» **SUPPLIED DATA**:
[Start of section]
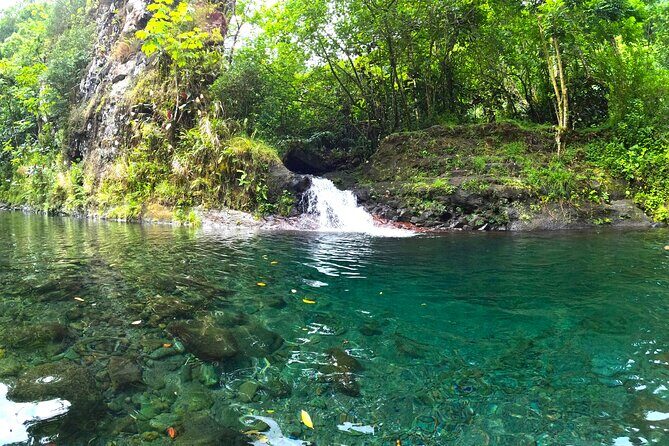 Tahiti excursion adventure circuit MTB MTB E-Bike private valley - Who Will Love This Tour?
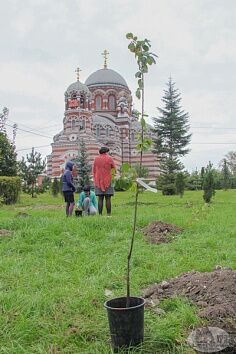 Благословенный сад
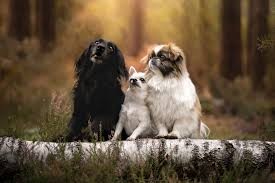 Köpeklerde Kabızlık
[End of section]
[Start of section]
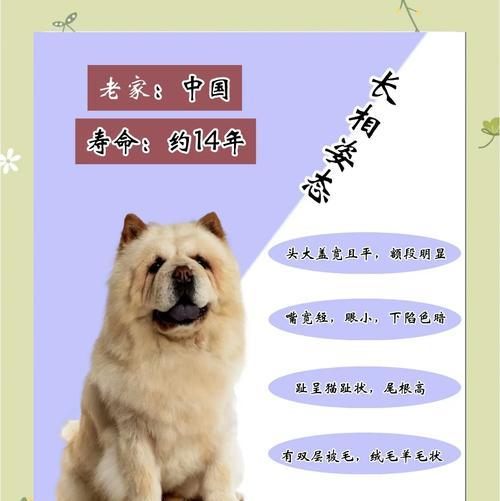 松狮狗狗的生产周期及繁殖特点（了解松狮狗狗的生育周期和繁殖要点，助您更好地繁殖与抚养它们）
[End of section]
[Start of section]
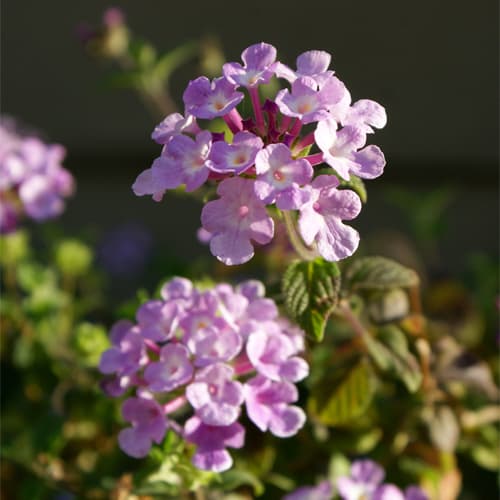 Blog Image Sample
[End of section]
» **WORK TO BE COMPLETED**: An exact transcription is needed of the lines from the one with "Tahiti excursion adventure" to the one with "Köpeklerde Kabızlık" above, both ends included, with pictures left out.

» **RESULT OF THE TASK**:
 Tahiti excursion adventure circuit MTB MTB E-Bike private valley - Who Will Love This Tour?
 Благословенный сад
 Köpeklerde Kabızlık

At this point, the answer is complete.